08.01.2007 - 2007-08-01 NEW YORK, NY: Madison Square Garden / The Police: Still a force - Rock trio reprise the legend...
The Police: Still a force - Rock trio reprise the legend...
The Police broke up back in '84, but last night at Madison Square Garden, for the most anticipated rock show of 2007, the trio was definitely together.
Twenty-three years later The Police line-up is the usual suspects - Stewart Copeland on drums, Andy Summers strumming guitar and a singing bassist named Sting.
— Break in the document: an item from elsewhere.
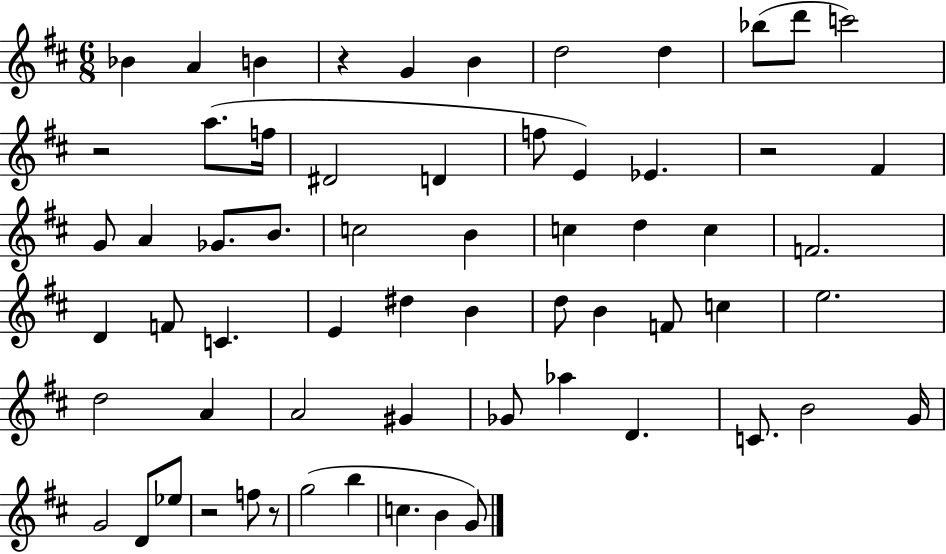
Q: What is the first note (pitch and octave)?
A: Bb4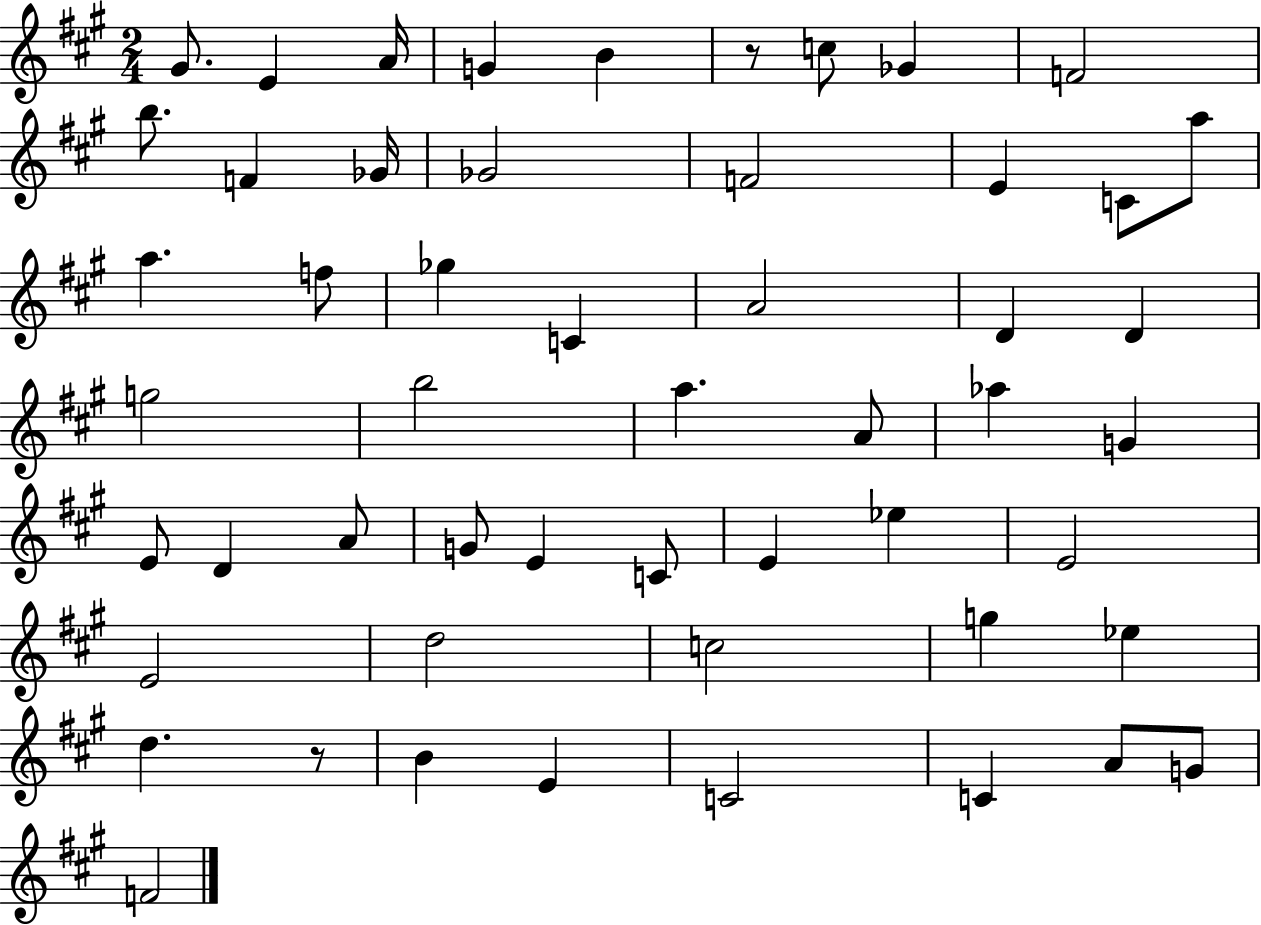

They were still able to deliver their trademark mix of pop, jazz and reggae at the first of three area shows.
The gig was outstanding, strat to finish (although hardly worth the nearly $3,000 some fans are reported to have paid scalpers for a single ticket). To some celebreity fans like Ashton Kutcher and Demi Moore, hanging designer Donna Karen, zillionaire Ron Perelman and rock impresario Ron Delsener, the price of tickets meant nothing compared to seeing this concert.
One of the reasons this band commanded respect with stars and regular fans alike was they've remained true to their original melodies, but playful with the arrangements.
That toying and tinkering, for instance, twisted 'The Bed's Too Big Without You' into a new song. It was that kind of musical inventiveness that kept this from becoming a sappy nostalgia show.
Police crowd control was effective right from the start, getting the fans up and dancing from the first song, 'Message In A Bottle'.
From there it was pretty much a nonstop hit-fest that followed with the trio pumping new blood into well-worn No.1 radio singles like 'Don't Stand So Close To Me', 'Every Little Thing She Does Is Magic', 'Invisible Sun' and, of course, 'Roxanne', played under red lights.
In all, there were more than 20 songs during the two-hour set, which the band played on a small stage with multiple video screens above. Without standard flash-pot razzle-dazzle this show had an unusual intimacy about it that let the focus stay on the music.
Earlier this year when The Police played the Grammys, they were "Sting and the other two guys." Last night they looked and sounded like a band again.
At the heart of every song were Copeland's fast and furious temp switch-ups that kept his sticks a blur for most of the performance. His drumming today is even more experimental than when The Police were at their zenith and he hit his stride during 'Walking In Your Footsteps'.
Summers' fret-work was often heady as he intertwined off-centre jazz chords with Sting's bass thumps. Some of his solos noodled a little too hard, but he still has virtuosity and velocity in his fingers. He was excellent on the unexpected rocker 'Driven To Tears'.
The there was Sting.
The tantric singer is as physically buff as his beat-up Fender bass is decrepit. Sting stung the house with his signature reedy tenor and emotional delivery that said the words, some 30 years old, that still held meaning for him. When he introduced The Police schoolgirl jail-bait tune 'Don't Stand So Close To Me' he made the number even more personal when he reminded the house, "You Know, before all this, I used to be a teacher."
There's nothing unrehearsed about Sting. Despite his natural magnetism and charisma, he's a practiced musician who never makes the mistake of forgetting he has to entertain when on stage.
He didn't forget at this Garden party.
The Police presence will continue with another MSG show tomorrow and at Giants Stadium in the Meadowlands Sunday. The Police return to New York for a one-night stand, back at the Garden, on Halloween.